Organisasi itu didirikan untuk mengakomodir seluruh aspirasi warga yang menjadi korban setelah Peraturan Menteri Kehutanan Nomor 76/2015 diberlakukan di Bintan.
Jumlah warga yang menjadi akibat penetapan kawasan hutan lindung secara sepihak itu lebih dari seribu orang. Lahan milik warga, yang pada akhir tahun 2019 baru diketahui ditetapkan sebagai kawasan hutan lindung itu, mencapai ribuan hektar lebih.
Lahan tersebut berada di-enam kecamatan di Bintan yakni Kecamatan Teluk Sebong, Sri Koala Lobam, Toapaya, Gunung Kijang, Bintan Utara dan Teluk Bintan.
Warga tidak hanya memiliki serfitikat dan alas hak terhadap lahan yang dikuasai, melainkan membayar pajak.

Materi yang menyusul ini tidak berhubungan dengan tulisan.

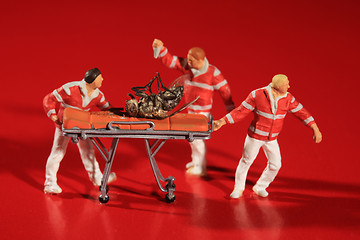 Image showing Posed Miniature Paramedics Treating the Honeybee Crisis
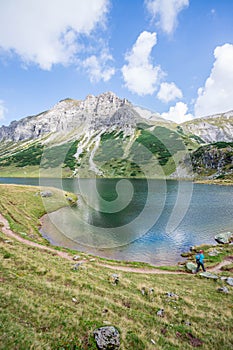 Beautiful and idyllic mountain landscape scenery: Mountain range, lake with clear water and blue cloudy sky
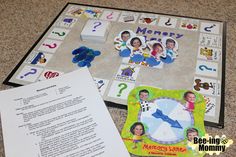 a board game with pieces of paper on the floor next to it and an envelope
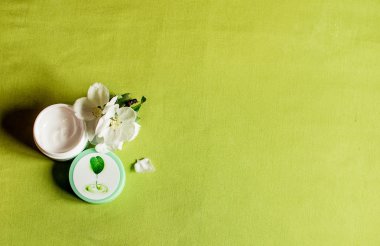 Yeşil bir arka plan üzerinde yüz kremi kavanoz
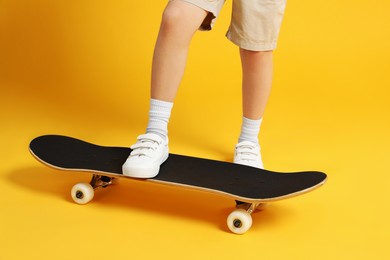 Little girl with skateboard on yellow background, closeup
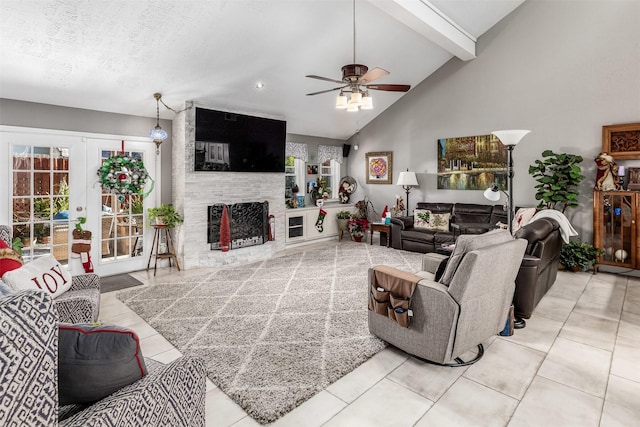 living room with beam ceiling, ceiling fan, french doors, a stone fireplace, and light tile patterned floors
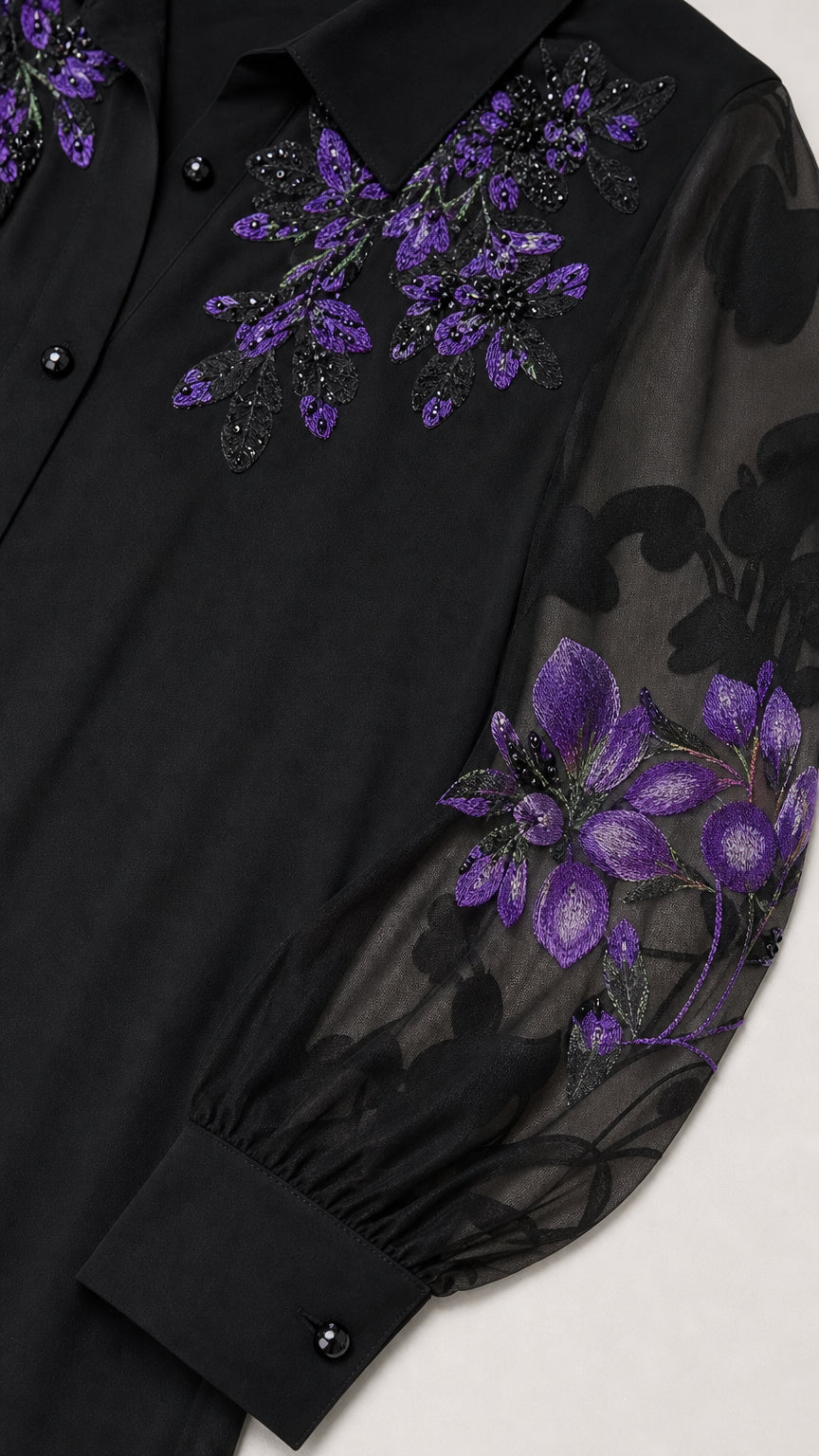 Close-up detail of collar and embroidered sheer sleeve on black dress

“Kami minta pemerintah daerah dan pusat membuka mata dan telinga, apakah sudah benar secara sepihak menetapkan lahan yang sudah dikuasai sejak puluhan tahun lalu menjadi kawasan hutan,” ucapnya.
Pengurus AMPERA lainnya, Nurcholis, minta pemerintah memanusiakan warga yang dirugikan akibat penetapan hutan tersebut. Warga terus berjuang, karena yang tinggal di hutan bukan manusia, melainkan hewan.
“Kami bukan monyet. Yang menyulap rumah kami, lahan yang kami kuasai menjadi hutan itu seharusnya lihat kami. Kami ini rakyat kecil, bukan seperti orang-orang kaya yang bisa menyulap hutan lindung menjadi lahan putih,” singgungnya.
Ia mengatakan AMPERA sudah melaporkan permasalahan ini kepada pemerintah pusat setelah tidak mendapatkan solusi dari Pemkab Bintan.
“Kami berharap pemerintah pusat memberikan solusi terbaik untuk masyarakat Bintan,” katanya.